He began his whistle-stop tour of Middle Eastern relations by listing the new realities that one must accept in order to deal rationally with the situation on the ground: the USA will not continue to play as great a role in the Middle East as it has previously; the international system will take more responsibility for Middle Eastern issues, but will not necessarily be able to solve them; solving the Israel-Palestine question will not solve any of the other problems in the Middle East; the fallout of the ‘Arab Spring’ will take many generations to fix; and the Middle East is not ultimately heading in the same direction as Europe.
He then spoken further about some of the core difficulties facing the Islamic world. He talked about the split between fundamentalist Islam and modernity, and the fact that many in the Middle East believe that Islam is the solution to its problems without being able to agree on which interpretation of Islam. He asserted that the ‘Arab Spring’ came about due to Arabs’ sense of having suffered a loss of dignity, and also due to the fundamental brokenness of the systems of these states.

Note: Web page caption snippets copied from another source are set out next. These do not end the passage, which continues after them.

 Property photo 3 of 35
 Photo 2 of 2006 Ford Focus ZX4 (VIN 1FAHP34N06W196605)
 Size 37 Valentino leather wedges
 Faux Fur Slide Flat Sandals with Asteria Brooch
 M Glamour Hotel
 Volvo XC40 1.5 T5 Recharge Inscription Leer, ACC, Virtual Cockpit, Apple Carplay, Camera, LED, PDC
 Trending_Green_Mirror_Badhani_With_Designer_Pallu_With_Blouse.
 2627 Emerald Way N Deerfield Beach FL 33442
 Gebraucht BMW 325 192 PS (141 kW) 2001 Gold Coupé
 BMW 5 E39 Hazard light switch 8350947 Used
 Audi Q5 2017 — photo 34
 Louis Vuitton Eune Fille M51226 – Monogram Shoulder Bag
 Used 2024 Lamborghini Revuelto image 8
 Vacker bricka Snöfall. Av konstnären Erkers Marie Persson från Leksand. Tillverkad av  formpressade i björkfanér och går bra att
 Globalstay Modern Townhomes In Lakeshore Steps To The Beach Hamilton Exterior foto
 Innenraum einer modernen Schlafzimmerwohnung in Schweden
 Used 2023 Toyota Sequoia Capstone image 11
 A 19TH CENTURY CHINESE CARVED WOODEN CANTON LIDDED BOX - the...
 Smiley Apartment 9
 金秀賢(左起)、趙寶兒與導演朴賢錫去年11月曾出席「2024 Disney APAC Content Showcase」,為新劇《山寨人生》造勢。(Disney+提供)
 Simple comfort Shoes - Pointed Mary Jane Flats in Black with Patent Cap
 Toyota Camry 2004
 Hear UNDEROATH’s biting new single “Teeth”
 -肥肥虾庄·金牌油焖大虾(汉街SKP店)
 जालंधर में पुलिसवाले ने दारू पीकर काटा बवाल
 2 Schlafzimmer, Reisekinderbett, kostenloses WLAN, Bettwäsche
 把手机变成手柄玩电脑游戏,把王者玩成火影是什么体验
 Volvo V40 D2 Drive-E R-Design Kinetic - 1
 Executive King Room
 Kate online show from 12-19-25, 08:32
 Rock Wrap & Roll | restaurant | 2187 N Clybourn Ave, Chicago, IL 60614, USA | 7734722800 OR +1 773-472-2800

On the subject of Israel, Amidror said that whereas in the past his country was threatened by other states, it is now really only threatened by (military) NGOs. He explained that the only player that actually presents an existential danger to Israel is Iran, which he believes has effectively been given ten years to strengthen itself by the Iran nuclear deal. He also said that the Palestine issue is the only thing preventing Sunni states from openly forming strong, persistent relationships with Israel; behind closed doors, he said, these governments do not care how the solution looks as long as there is one, which would allow the formation of these new relations.
In questions he said that there are certainly many challenges facing Israel, but he is not ultimately worried about them. He said that while terrorism might seem new on the streets of Europe, it is familiar in Israel, and that Israel’s high tech economy has so far led to worrying levels of inequality. He also pointed out that whilst Israel has said that it is willing to attend negotiations on Palestine even on an unfavourable basis, Mahmoud Abbas has repeatedly pulled out of negotiations that require compromise, and that the latter experiences no need to compromise at the UN.